On the Other Hands, Maybe Sports Make Us Happy

Posted on November 18, 2009 by


On the Other Hand, Maybe Sports Make Us Happy.  This is the title of my latest for Huffington Post Sports.  Here is how the column begins:

Harry Truman once asked if he could have only “one-armed economists.” This is because too often economists told President Truman, “on the other hand…”

Although I am sure some economists only have one-arm, I have been blessed with two. And consequently, today’s column is going to somewhat contradict what I said last week.

Last week I noted that there was a problem with the decision in California to suspend environmental laws so that a new NFL stadium could be built in Los Angeles. More than two decades of research have indicated that stadiums don’t create significant economic growth (i.e. income) or jobs. Given this research, it seems likely that California didn’t have a very good reason to circumvent its environmental laws.

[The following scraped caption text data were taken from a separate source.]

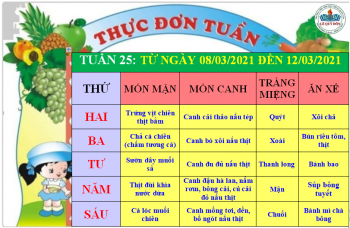 Thực đơn tuần 33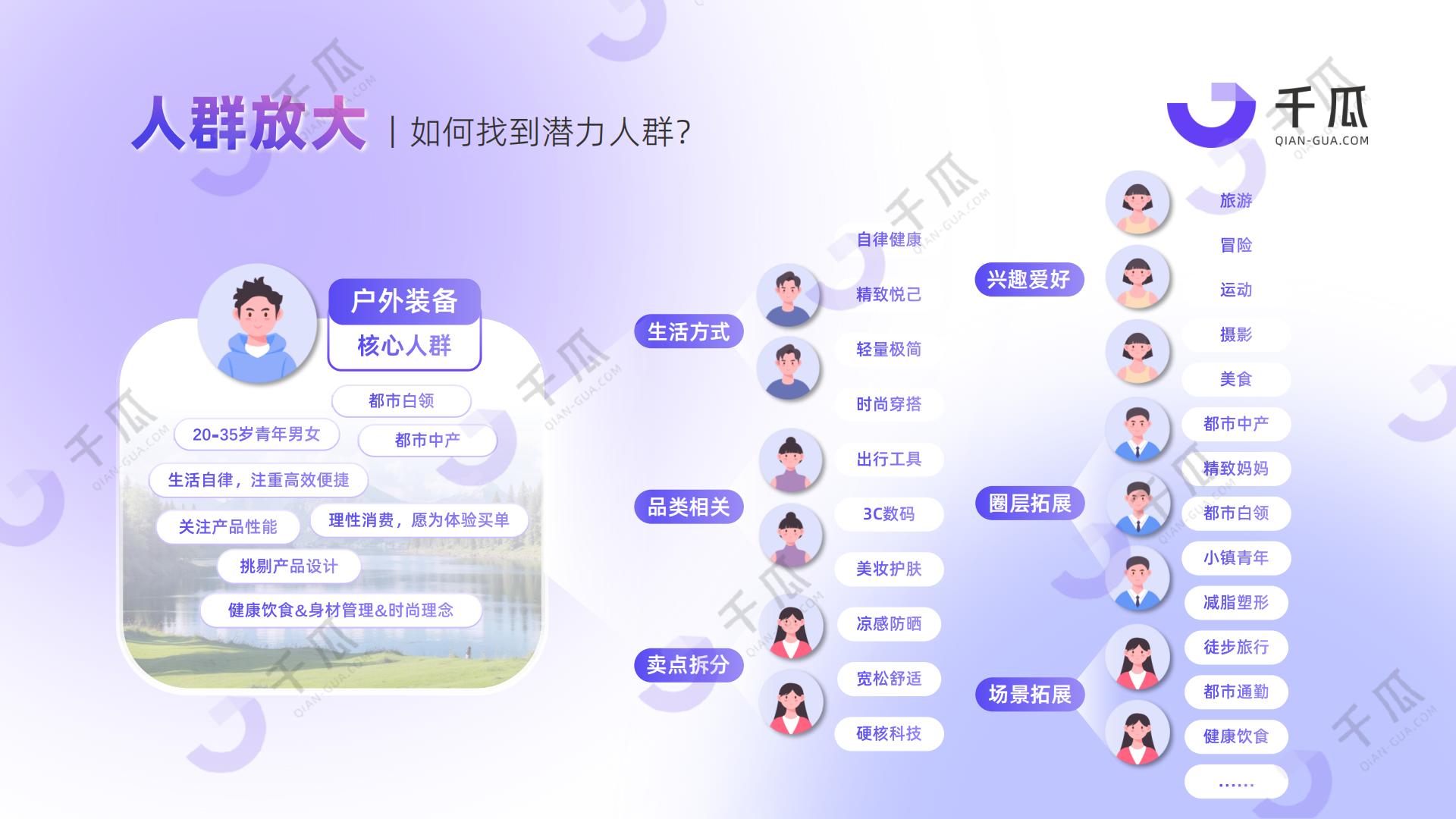 千瓜数据：2024年人群模型报告-人本营销时代，破译以人为本的增长新范式.pdf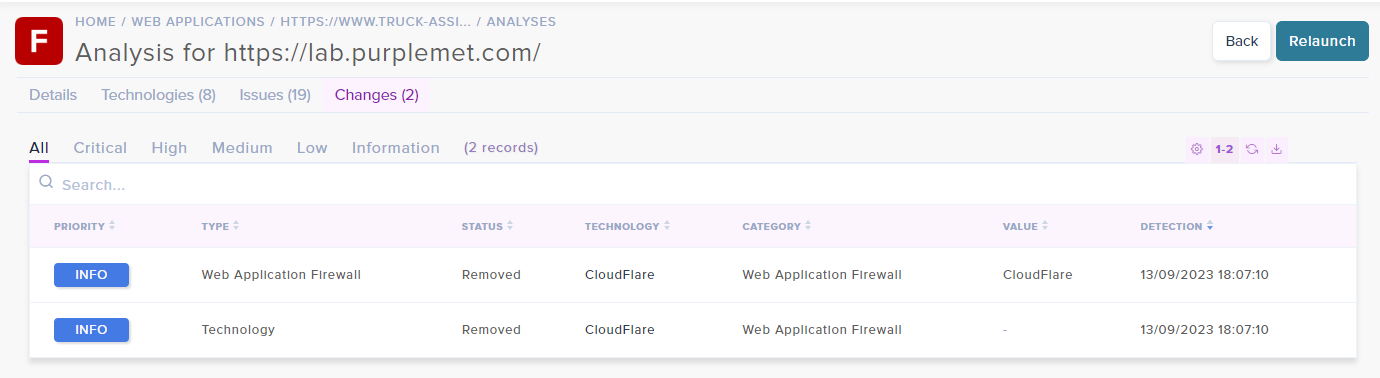 Purplemet Cloud analysis changes tab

Of course, on the other hand… there’s a different perspective on the value of sporting events. For this perspective we turn to Soccernomics: Why England Loses, Why Germany and Brazil Win, and Why the U.S., Japan, Australia, Turkey — and Even Iraq — Are Destined to Become the Kings of the World’s Most Popular Sport (by Simon Kuper and Stefan Szymanski; Nation Books).  Read the rest at Huffington Post Sports

As noted, this column is derived from Soccernomics.  For many American sports fans, soccer is simply not their favorite sports.  Nevertheless, many readers are going to find this book to be their favorite sports book in 2009.  This is just an extremely well-written book, filled with numerous stories any sports fan will find interesting.